(Scraped caption text data)
+--

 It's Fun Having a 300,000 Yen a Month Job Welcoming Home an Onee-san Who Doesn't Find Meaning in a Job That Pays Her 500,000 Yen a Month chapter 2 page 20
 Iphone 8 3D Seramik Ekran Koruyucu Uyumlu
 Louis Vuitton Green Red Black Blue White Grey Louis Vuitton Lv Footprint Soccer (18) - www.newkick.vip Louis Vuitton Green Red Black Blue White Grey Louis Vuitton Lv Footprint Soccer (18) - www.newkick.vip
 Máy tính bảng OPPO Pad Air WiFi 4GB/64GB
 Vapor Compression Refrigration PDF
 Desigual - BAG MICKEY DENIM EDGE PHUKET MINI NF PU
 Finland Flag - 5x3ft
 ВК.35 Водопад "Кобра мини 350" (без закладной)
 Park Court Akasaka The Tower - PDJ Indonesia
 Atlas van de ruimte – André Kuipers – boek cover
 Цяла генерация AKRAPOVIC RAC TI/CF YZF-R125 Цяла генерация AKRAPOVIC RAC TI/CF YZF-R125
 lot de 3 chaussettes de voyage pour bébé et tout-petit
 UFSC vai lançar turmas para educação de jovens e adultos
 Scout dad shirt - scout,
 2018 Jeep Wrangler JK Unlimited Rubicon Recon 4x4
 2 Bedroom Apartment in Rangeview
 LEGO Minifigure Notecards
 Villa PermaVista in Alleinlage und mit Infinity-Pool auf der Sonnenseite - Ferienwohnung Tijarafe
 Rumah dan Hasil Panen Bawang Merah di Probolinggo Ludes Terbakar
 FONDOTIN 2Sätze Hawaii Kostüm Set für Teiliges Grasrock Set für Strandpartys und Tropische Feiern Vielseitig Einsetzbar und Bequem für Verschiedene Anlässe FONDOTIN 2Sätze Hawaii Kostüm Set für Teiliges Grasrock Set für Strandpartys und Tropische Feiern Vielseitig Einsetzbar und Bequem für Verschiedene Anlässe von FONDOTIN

+--

= REQUIREMENT =
Reproduce the data in full, exactly as presented.

= RESULT =
 It's Fun Having a 300,000 Yen a Month Job Welcoming Home an Onee-san Who Doesn't Find Meaning in a Job That Pays Her 500,000 Yen a Month chapter 2 page 20
 Iphone 8 3D Seramik Ekran Koruyucu Uyumlu
 Louis Vuitton Green Red Black Blue White Grey Louis Vuitton Lv Footprint Soccer (18) - www.newkick.vip Louis Vuitton Green Red Black Blue White Grey Louis Vuitton Lv Footprint Soccer (18) - www.newkick.vip
 Máy tính bảng OPPO Pad Air WiFi 4GB/64GB
 Vapor Compression Refrigration PDF
 Desigual - BAG MICKEY DENIM EDGE PHUKET MINI NF PU
 Finland Flag - 5x3ft
 ВК.35 Водопад "Кобра мини 350" (без закладной)
 Park Court Akasaka The Tower - PDJ Indonesia
 Atlas van de ruimte – André Kuipers – boek cover
 Цяла генерация AKRAPOVIC RAC TI/CF YZF-R125 Цяла генерация AKRAPOVIC RAC TI/CF YZF-R125
 lot de 3 chaussettes de voyage pour bébé et tout-petit
 UFSC vai lançar turmas para educação de jovens e adultos
 Scout dad shirt - scout,
 2018 Jeep Wrangler JK Unlimited Rubicon Recon 4x4
 2 Bedroom Apartment in Rangeview
 LEGO Minifigure Notecards
 Villa PermaVista in Alleinlage und mit Infinity-Pool auf der Sonnenseite - Ferienwohnung Tijarafe
 Rumah dan Hasil Panen Bawang Merah di Probolinggo Ludes Terbakar
 FONDOTIN 2Sätze Hawaii Kostüm Set für Teiliges Grasrock Set für Strandpartys und Tropische Feiern Vielseitig Einsetzbar und Bequem für Verschiedene Anlässe FONDOTIN 2Sätze Hawaii Kostüm Set für Teiliges Grasrock Set für Strandpartys und Tropische Feiern Vielseitig Einsetzbar und Bequem für Verschiedene Anlässe von FONDOTIN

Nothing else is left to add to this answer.